ことし3月、札幌市中央区北2条西3丁目1にオープンした札幌フコク生命越山ビルは、地下1地上13階、延べ1万8844m²の規模で、構造は地上がS造、地下はS一部SRC造。
通りのにぎわいを建物の中に引き込み、札幌駅前地下歩行空間「チカホ」と地上をつなぐ街路「ステップガーデン」を建物内に展開。建物中央に地下から地上2階まで階段状につながる街路は、移動だけでなく、人の居場所になり、展示・イベントの会場にもなる。

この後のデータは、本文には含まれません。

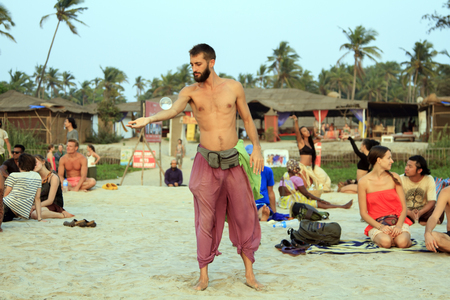 Goa, India â February 15, 2016: Unidentified man juggling with glass ball on the beachのeditorial素材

審査委員は、地上とは切り離され、窓がないために閉そく的な空間となりがちな地下空間を、巨大な階段状の斜めの空間とすることで地下奥にまで光を届け、明るい地下空間を実現している点や、大階段が立体的なステージのように機能し、都市における新しい居場所を生み出している点などを評価した。
受賞対象者は富国生命保険、越山ビルディングズ、清水建設1級建築士事務所の3者。
札幌市路面電車停留場は、昨年12月開業した同市電のループ化に合わせ、都心部に設置された。
コンセプトは「創造都市札幌の先進性、透明感のある気候風土、やさしさといった札幌らしさを的確に表現するデザインを実現」。延長27m、幅約2・3mの大きさで、6㍉の鋼板SS400で構成されるサンドイッチパネル構造。壁・屋根ともにパネル厚は250―300㍉。内部のスチフナは短手方向にのみ500㍉ピッチで配置されている。
審査委員は「都市環境を向上させるため、LRTなどの路面電車の価値が復活して久しい。電停は、日本中にいくつあるのだろうか。シンプルかつ美しい、こんな電停が増えていけば、わが国の都市景観も格段と良くなっていくだろう」とのコメントを寄せた。
受賞対象者は市、設計を担当したオリエンタルコンサルタンツ、デザイナーのネイ&パートナーズジャパンの3者。